• _WHAT NEEDS TO BE DONE_: Your answer should consist solely of the lines from the one holding "Gerber D500470BSTC Tribune" through the final line of the entries, reproduced exactly and without pictures.

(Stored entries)
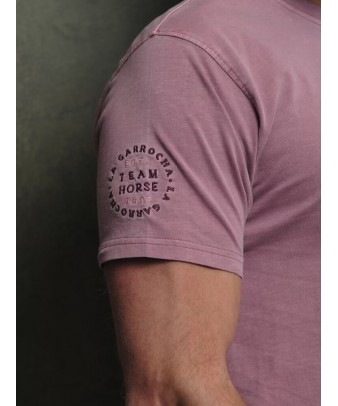 Camiseta team | Lavanda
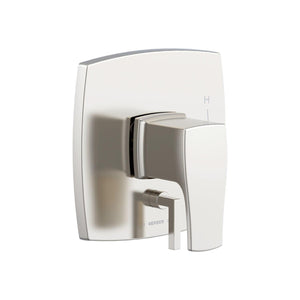 Gerber D500470BSTC Tribune Valve-only Trim Kit, Diverter On Valve - Satin Black
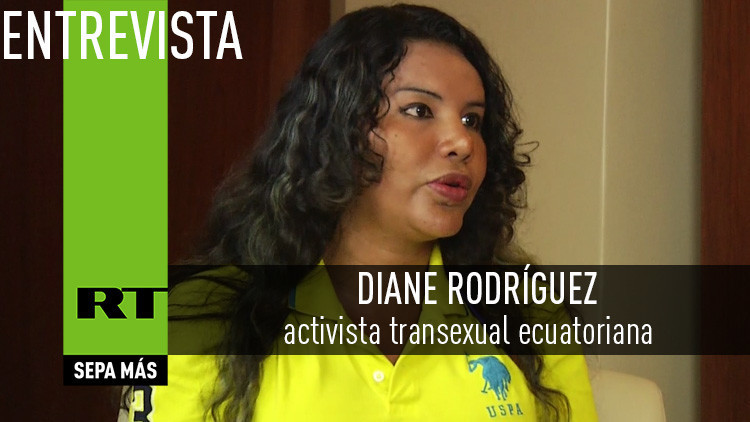2017-03-21 - Activista transexual ecuatoriana: 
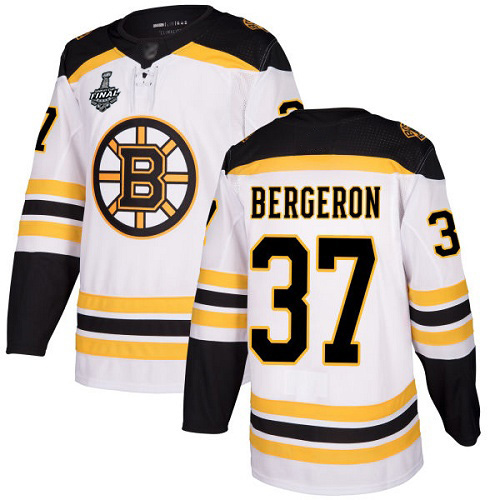 Patrice Bergeron
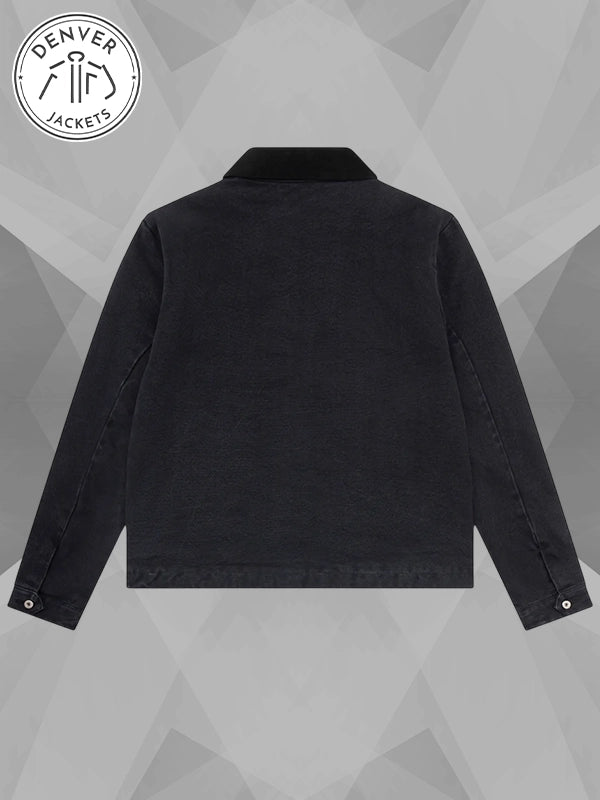 Mutimer Bullrider Jacket Black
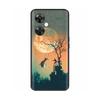 Für OnePlus Nord CE 3 Lite 5G Hülle Blume Silikon Weiche Rückseite Für Oneplus Nord CE3 5G NordN30 Handyhülle Schutzhülle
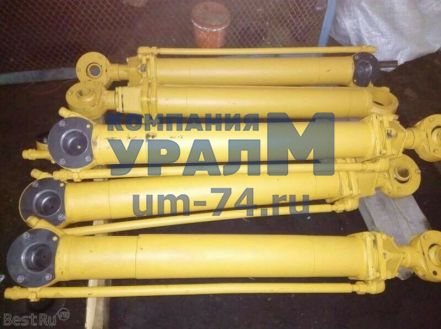 Гидроцилиндр выноса рамы ДЗ-98В.43.03.000 - Фото 1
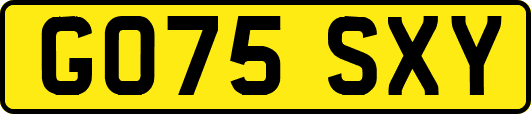 GO75SXY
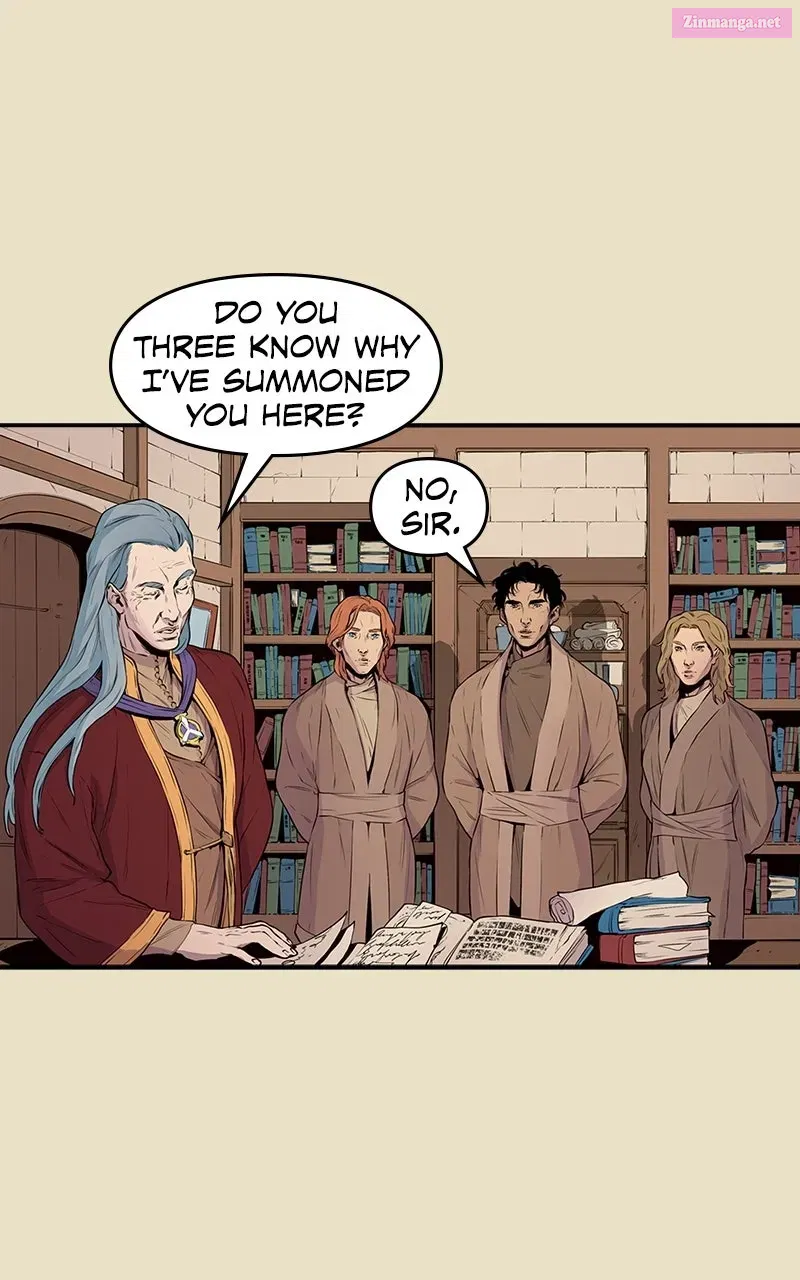 Critical Role - Mighty Nein Origins Chapter 7 - page 9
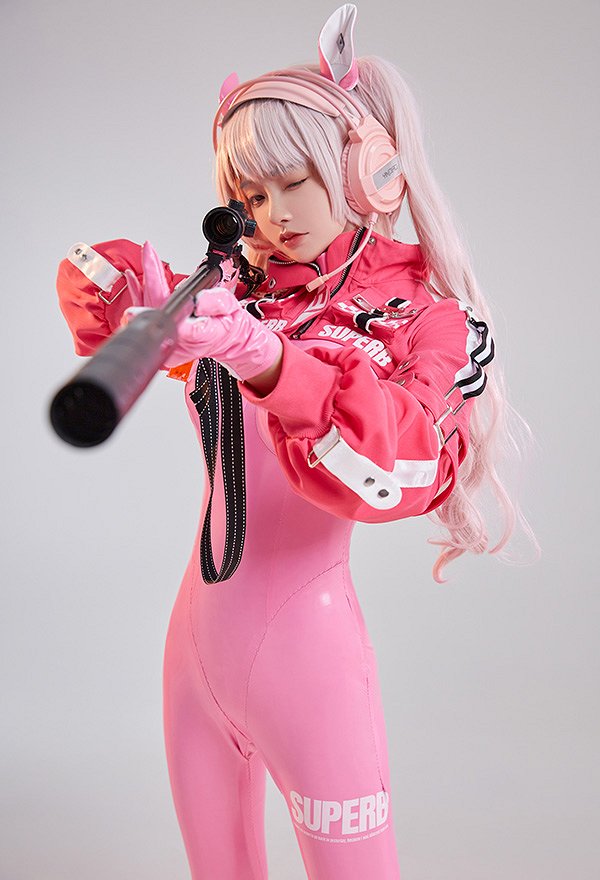 勝利の女神:NIKKE アリス コスプレ 衣装 勝利の女神:NIKKE アリス コスプレ 衣装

• _TASK ANSWER_:
 Gerber D500470BSTC Tribune Valve-only Trim Kit, Diverter On Valve - Satin Black
2017-03-21 - Activista transexual ecuatoriana: 
 Patrice Bergeron
 Mutimer Bullrider Jacket Black
 Für OnePlus Nord CE 3 Lite 5G Hülle Blume Silikon Weiche Rückseite Für Oneplus Nord CE3 5G NordN30 Handyhülle Schutzhülle
 Гидроцилиндр выноса рамы ДЗ-98В.43.03.000 - Фото 1
 GO75SXY
 Critical Role - Mighty Nein Origins Chapter 7 - page 9
 勝利の女神:NIKKE アリス コスプレ 衣装 勝利の女神:NIKKE アリス コスプレ 衣装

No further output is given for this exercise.